2.1. Formation of Gut Microbiota and Influencing Factors

After birth, microbes rapidly colonize the sterile neonatal GI tract, and the microbiota composition partially depends on the delivery mode and whether breast-feeding is done [2022]. It has been hypothesized that the different components of the gut microbiota after birth may have an impact on disease in the future [23]; research has found that a caesarean delivery and formula-feeding are associated with high incidences of infection and allergy diseases [24, 25]. One to 2.5 years after birth, the composition, diversity, and function of the infant microbiome gradually develops to resemble that of adults [26, 27]; in adulthood, most of the bacteria in the body will remain in a relatively stable state, but to the end of the life, the diversity of flora composition will decline and the ratio of Bacteroidetes/Firmicutes will increases; however, the human microbiota displays a remarkable degree of variation within and between individuals [28].

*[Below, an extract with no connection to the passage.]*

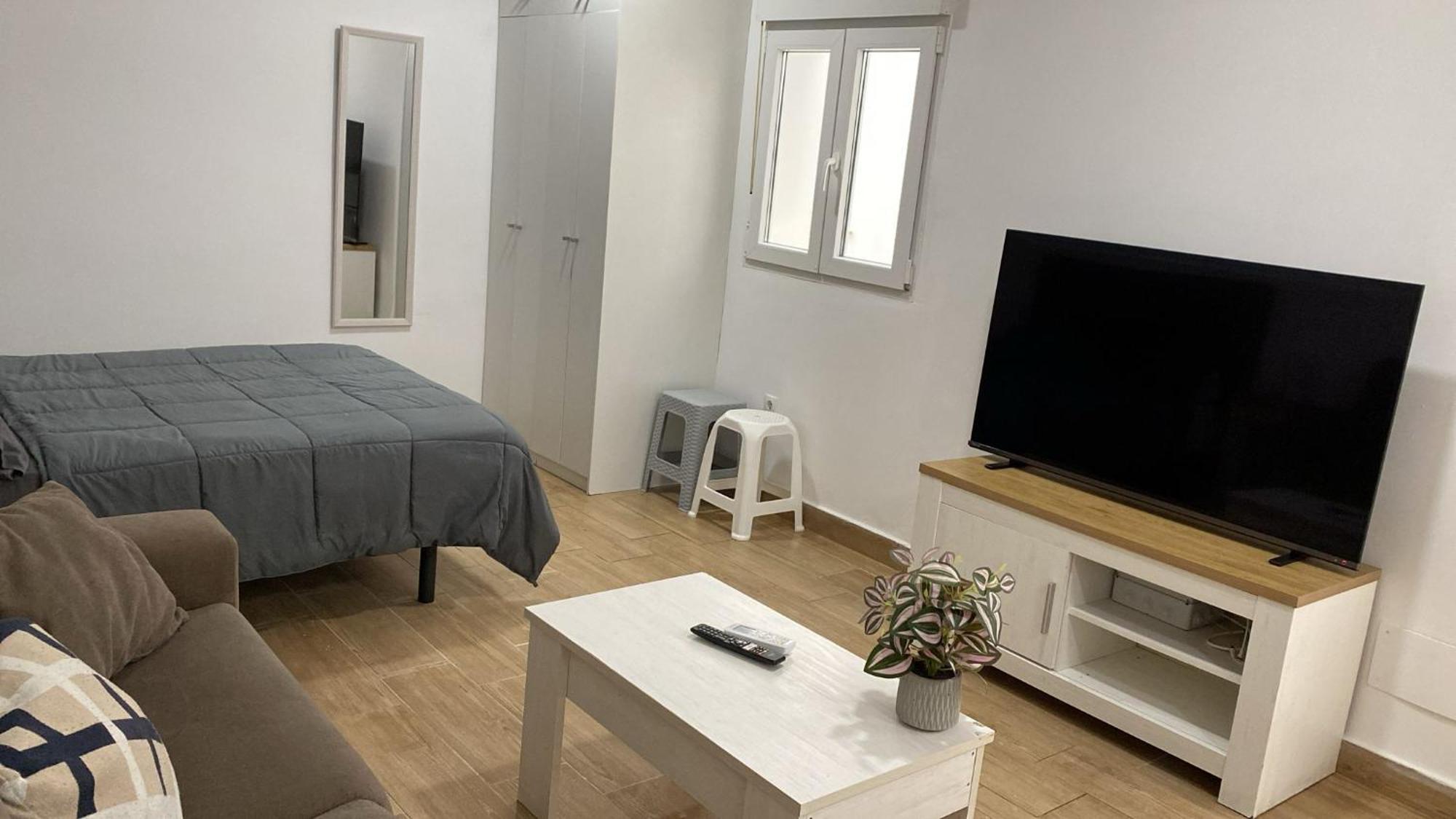 Rockside Residences Suites La Linea N3 La Línea de la Concepción 外观 照片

Recent evidence has shown that the adult microbiome is not as stable as previously believed, and there are many important endogenous and exogenous factors for the composition of the intestinal microbial community: (1) Genetic factors: There is an obvious adaptive relationship between host gene composition and bacterial gene composition. The bacteria can synthesize metabolites on the basis of genetic composition. These metabolites interact with each other, maintaining a stable balance between the gut microbiota and the surrounding environment. Even when twins and mother-daughter pairs had lived apart for many years, but they still have more similar microbiota compositions, suggesting that the gut microbiota may be influenced by genetics factors [2931]. (2) Sex: The gut microbiota and sex hormone have been reported to influence each other, and research has found that males exhibited increased abundance of Bacteroides and Prevotella compared with females [32], and sex differences in the microbiome parallel immune, metabolic changes, it is important in risk and resilience of the disease throughout the lifespan [33, 34]. New studies in mice have found that adoptive transferred male microbiota to recipient females can result in elevated testosterone and metabolomic changes and delay the onset and lessen the severity of disease, which demonstrated that the female-biased risk for autoimmune disorders is significantly impacted by sex differences in the gut microbiome [35, 36]. (3) Diet: Dietary habits and food types can influence microbial composition [3740]. (4) Drugs: Antibiotic and other drugs can easily affect the components of the microbiome [41, 42]. (5) Others: Other implicated factors include lifestyle, illness, smoking, drug addiction, place of residence, and the climate [43, 44].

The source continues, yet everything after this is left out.